The study is the first to evaluate how racial disparities in student debt change over one’s life course– from when young people first graduate or leave college in their early 20s to over the next 10 years, as they enter the job market, start families and transition into adulthood. By looking at the disparities in debt at multiple points in time rather than at a single point in time, the analysis provides new insight into how student debt is linked to economic inequalities by race.
“Racial disparities in debt are large after young people leave college and continue to increase across the early adult course, as young people enter their mid-thirties. Our findings reveal that when young people initially leave college, blacks have 86 percent more student debt than whites. This disparity however, grows over time: 15 years after college, blacks will have nearly double the debt of whites or 186 percent more student debt,” explained co-author Jason N. Houle, an assistant professor of sociology at Dartmouth. “Student loan debt is racialized in the U.S., not only because youth of color–particularly black youth–need to take on more debt in order to afford college, but also because blacks have a harder time repaying that debt once they leave college than do whites.”

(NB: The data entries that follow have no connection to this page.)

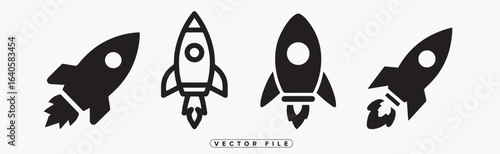 Set of black rocket ship icons on white background vector illustration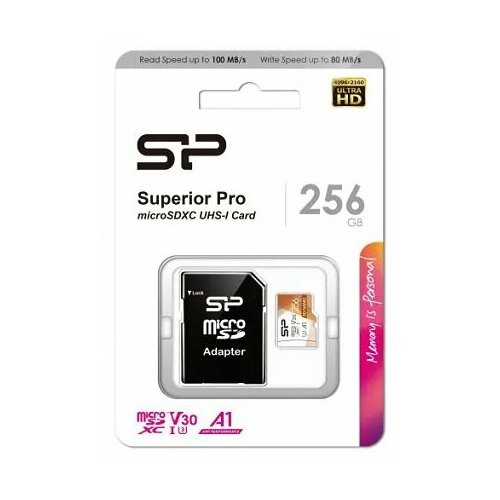 карта памяти 128gb silicon power superior pro a2 sp256gbstxda2v20sp microsdxc class 10 uhs i u3 colorful 100 80 mb s sd адаптер Флеш карта microSD 256GB Silicon Power Superior A2 microSDXC Class 10 UHS-I U3 Colorful 100/80 Mb/s (SD адаптер)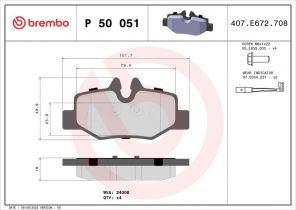 Brembo P 50 051 - Brzdové platničky -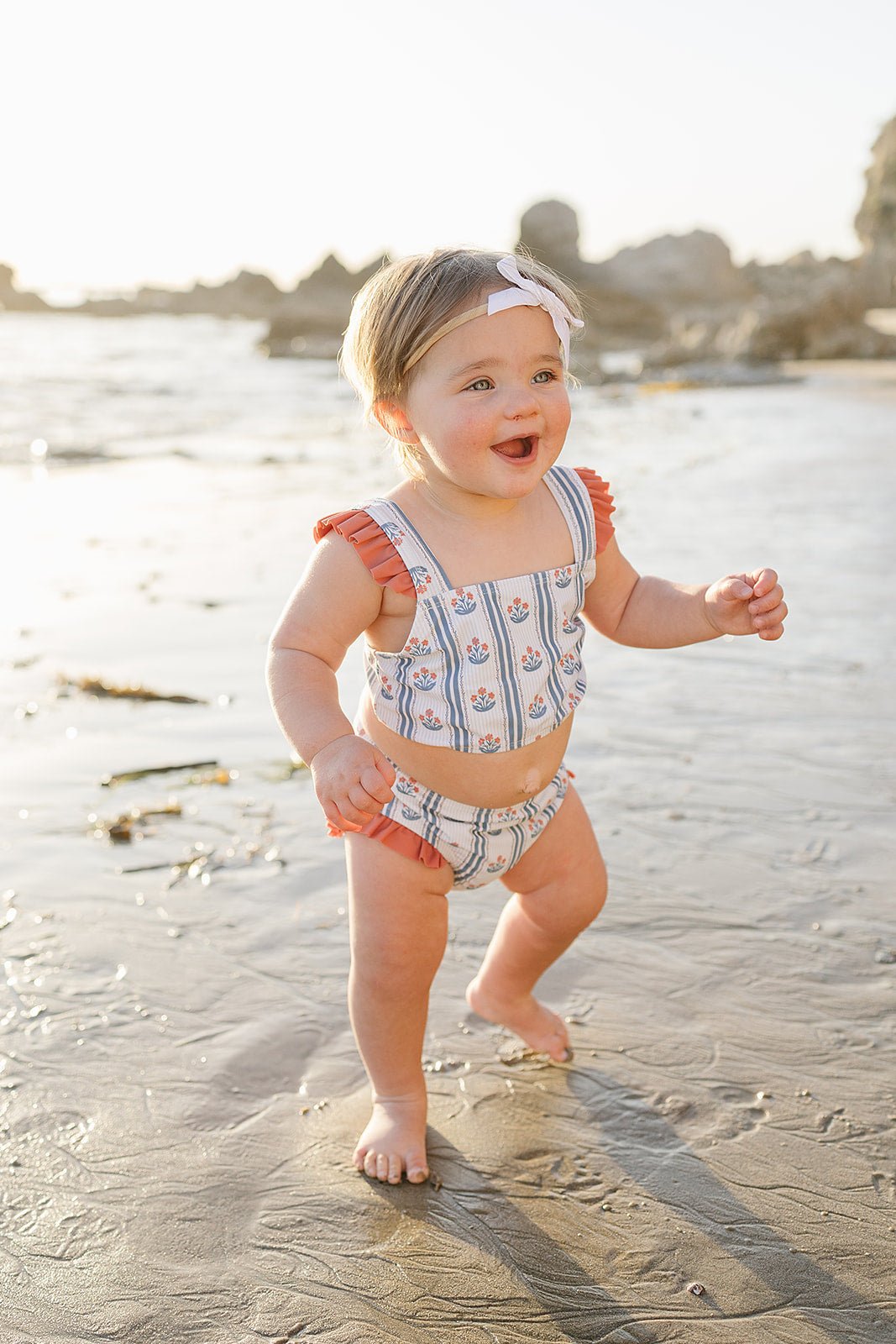 Mebie Baby Mebie Baby Block Print Floral Ruffle Bikini Set for Girls - 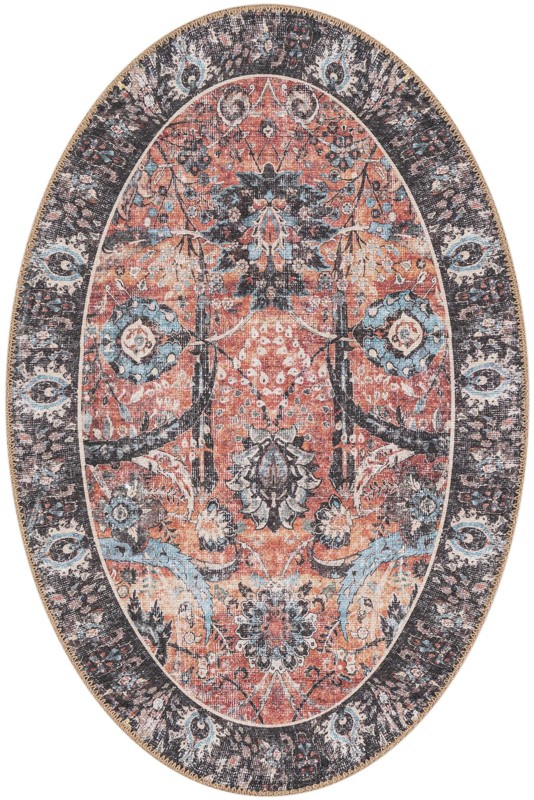 Starr · Vintage floral Washable Rug, rust and black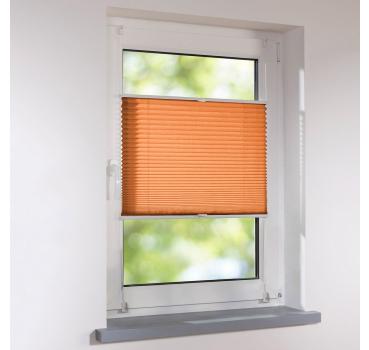 Plissee Klemmfix Faltstore UNIVERSAL Faltrollo ohne Bohren - Farbe orange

Even if black young adults and white young adults were to have the same amount of student debt, repayment is much more difficult for blacks, as they are more likely to come from disadvantaged backgrounds and to have left college without getting a degree. Blacks are also more likely to attend for-profit institutions, which are often more expensive, as well as underfunded institutions, which have limited financial aid. But racial inequalities in the labor market are especially important for repayment. “When it comes to whether you can pay that debt back, what matters most is how well you are doing socioeconomically and whether you have a stable job in young adulthood,” Houle explained. Racial differences in the ability to pay down debt are largely influenced by one’s socioeconomic status, whereas, racial differences in the accumulation of debt are determined largely by family background and the type of college they attend.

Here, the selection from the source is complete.